ANON -25 Jan 2010 | 15:49
Total re-think
The whole approach to women's careers in law needs a total re-think. A&O's move is a step - albeit a small step - in the right direction of working out how best to manage those careers. In Norway, legislation has intervened to require a certain percentage of women on boards of all Norwegian companies. Anecdotally, I understand it has not created weak boards, but rather it has broadened the perspectives of organisations which before had the same smaller group of men sitting on the boards of several companies. I can see an analogy here in the law - until there is an intervention that requires a re-think, we won't see the changes in perspective that a required for women to progress their careers as well as a family.
Anonymous -25 Jan 2010 | 18:44
Different drivering factors
Of all the people I studied law with, not one who has a training contract with a magic circle firm has a desire to stay there - but the reasons were startlingly different for men and women. In general the men saw City law as a springboard to chase money - in law and elsewhere, looking to jobs in places like banks and hedge-funds as the financial markets recover. As the primary driver is the money they are far more likely to continue up the City law path if the £££s are increasing.
Conversely, almost all the women viewed a big-firm job as a good start but thought that they would want to make a fairly quick move to a smaller firm where the work/life balance was better - this is not just a 'having children' issue, but a broader awareness that chasing the £££s and a City partnership is not the only way. Maybe there will continue to be less women partners for the very good reason that they have worked out that the additional stress and potential financial risk is not worth it!
Al -27 Jan 2010 | 14:23
working 24/7
Realist, even if you are right that clients require the ability to call a meeting at any time (which I doubt), your conclusions do not follow.

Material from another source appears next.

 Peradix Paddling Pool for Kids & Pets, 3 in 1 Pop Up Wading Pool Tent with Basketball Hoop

I work part-time in projects, with clients being able to call meetings on any day of the week. I just fit in my time off around the client meetings. Even at the height of a project, it's a rare week I can't have half a day at home. Of course this means I need to stump up for five days childcare rather than three, but I just mark that down as an investment in my sanity.

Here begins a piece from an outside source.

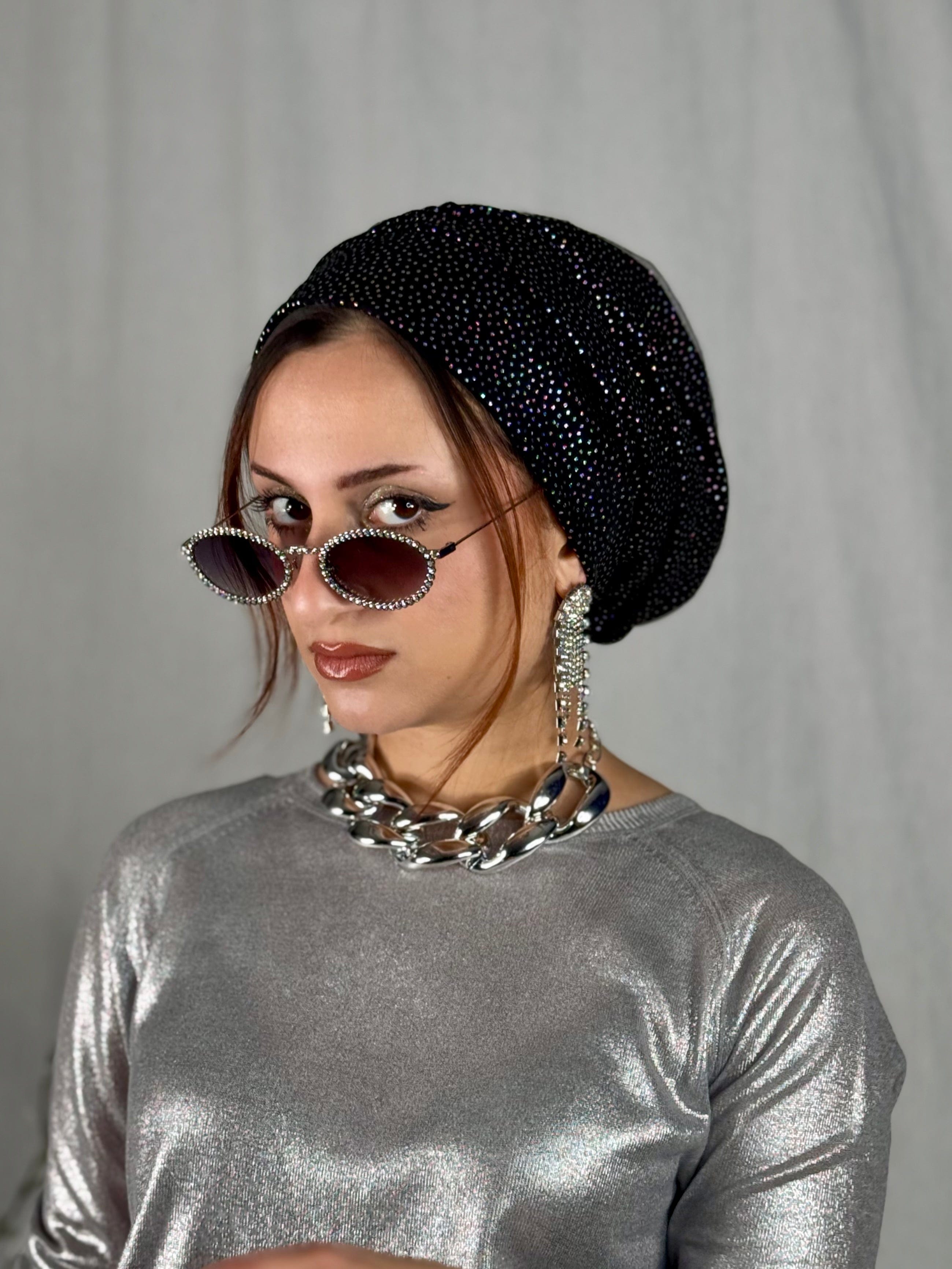 Beanie Jersey Metallic Dots - Black Colorful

Of course, it still might not be showing enough commitment to be given a chance at partnership, but if I don't get given that opportunity, no one will be able to argue it's due to 'impact on client service'. I assure you they are all delighted.
Pearson -27 Jan 2010 | 16:42
Cloudy Glass
I work for an LPO, and do not understand this obsession with the constant availability of people. We routinely plan for absenteeism and attrition with up to 20% buffer. It's a simple solution, and works. The benefits we get from retaining good staff more than wipe out the cost of reduced margins, if any.
The idea is to move towards 24/7 service, not 24/7 jobs. The converse must concurrently happen.
If the system must have this individual or that, to function or to move, it's not a good system. Period.
No consumer must be made to rely on it, no billing must happen against it.
It doesn't matter how deals have always been done, or how transactions work, no consumer pays for the benefit of one individual, consumers pay for the benefit of a service.
What would happen if a male partner fell ill? Would we shrug and accept the law firm not providing his clients with the services of a cover? Would the client accept a sub-standard cover?
The issues of service availability, role definition, client expectation management are independent issues. They have very little to do with worker preferences.
Why do we collaborate? To bridge the gap between worker preferences and consumer expectations through systematic, joined-up effort.
If teamwork isn't working to achieve this, just what is it yielding in a knowledge based profession like law?